Vallée du Panjshir en Afghanistan

La résistance afghane

Malgré un patchwork ethnique, des orientations politiques et religieuses diverses, et mis à part une minorité collaborant avec le régime pro-soviétique de Kaboul, l’Islam a été le fer de lance du combat des Afghans et de leur résistance à l’envahisseur soviétique, première puissance antireligieuse du monde. Ils n’ont pas lutté pour une idéologie, « ni même pour leur patrie conçue comme une notion terrestre, mais, comme ils le disent volontiers, surtout parmi les troupes groupées sous l’autorité du célèbre commandant Massoud, pour al-Haqq, c’est-à-dire pour Dieu en tant que Vérité suprême et dispensateur de justice, objectif qui dépasse infiniment ce bas-monde, véritable jihad.
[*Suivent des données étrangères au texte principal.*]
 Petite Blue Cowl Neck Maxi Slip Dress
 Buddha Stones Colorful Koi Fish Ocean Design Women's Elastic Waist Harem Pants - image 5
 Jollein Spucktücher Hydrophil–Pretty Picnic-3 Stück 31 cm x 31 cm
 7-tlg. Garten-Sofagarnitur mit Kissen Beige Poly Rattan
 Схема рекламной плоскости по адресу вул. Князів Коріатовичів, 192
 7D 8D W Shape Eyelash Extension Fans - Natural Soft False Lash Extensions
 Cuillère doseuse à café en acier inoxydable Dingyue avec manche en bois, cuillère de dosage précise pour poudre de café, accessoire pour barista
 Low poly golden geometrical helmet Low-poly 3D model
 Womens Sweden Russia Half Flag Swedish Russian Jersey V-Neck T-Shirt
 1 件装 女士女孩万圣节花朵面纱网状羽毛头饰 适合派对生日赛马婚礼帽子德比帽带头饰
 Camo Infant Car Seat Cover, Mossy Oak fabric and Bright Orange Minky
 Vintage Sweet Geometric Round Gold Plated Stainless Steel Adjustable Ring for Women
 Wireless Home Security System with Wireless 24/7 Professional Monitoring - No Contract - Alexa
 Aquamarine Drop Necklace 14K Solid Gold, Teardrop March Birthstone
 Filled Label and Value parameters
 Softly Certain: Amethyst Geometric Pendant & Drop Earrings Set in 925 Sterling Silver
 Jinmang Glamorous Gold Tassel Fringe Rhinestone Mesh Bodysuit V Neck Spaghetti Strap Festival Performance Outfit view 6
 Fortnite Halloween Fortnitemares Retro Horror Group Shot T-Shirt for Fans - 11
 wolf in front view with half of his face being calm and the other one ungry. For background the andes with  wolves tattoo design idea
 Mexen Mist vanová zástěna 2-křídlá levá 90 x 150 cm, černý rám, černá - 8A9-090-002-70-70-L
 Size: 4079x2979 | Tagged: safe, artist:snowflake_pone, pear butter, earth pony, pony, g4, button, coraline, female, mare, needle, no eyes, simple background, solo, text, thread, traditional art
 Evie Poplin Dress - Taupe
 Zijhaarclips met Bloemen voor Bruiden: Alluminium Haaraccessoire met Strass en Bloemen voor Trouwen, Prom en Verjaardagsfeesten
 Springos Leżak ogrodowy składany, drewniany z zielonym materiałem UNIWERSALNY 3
Le combat inspiré de Massoud massoud1.jpg

Si les observateurs reconnaissent que le commandant Ahmad Shah Massoud était un fervent croyant scrupuleux des devoirs religieux incombant à tout musulman, il leur échappe généralement qu’il était rattaché à la Voie [Tariqa] Naqshbandi , branche du Taçawwuf, et que c’est là, au coeur de la spiritualité islamique qu’il a trouvé la légitimité, l’impulsion et la force de son combat, comme cela l’a toujours été dans la résistance afghane. [1]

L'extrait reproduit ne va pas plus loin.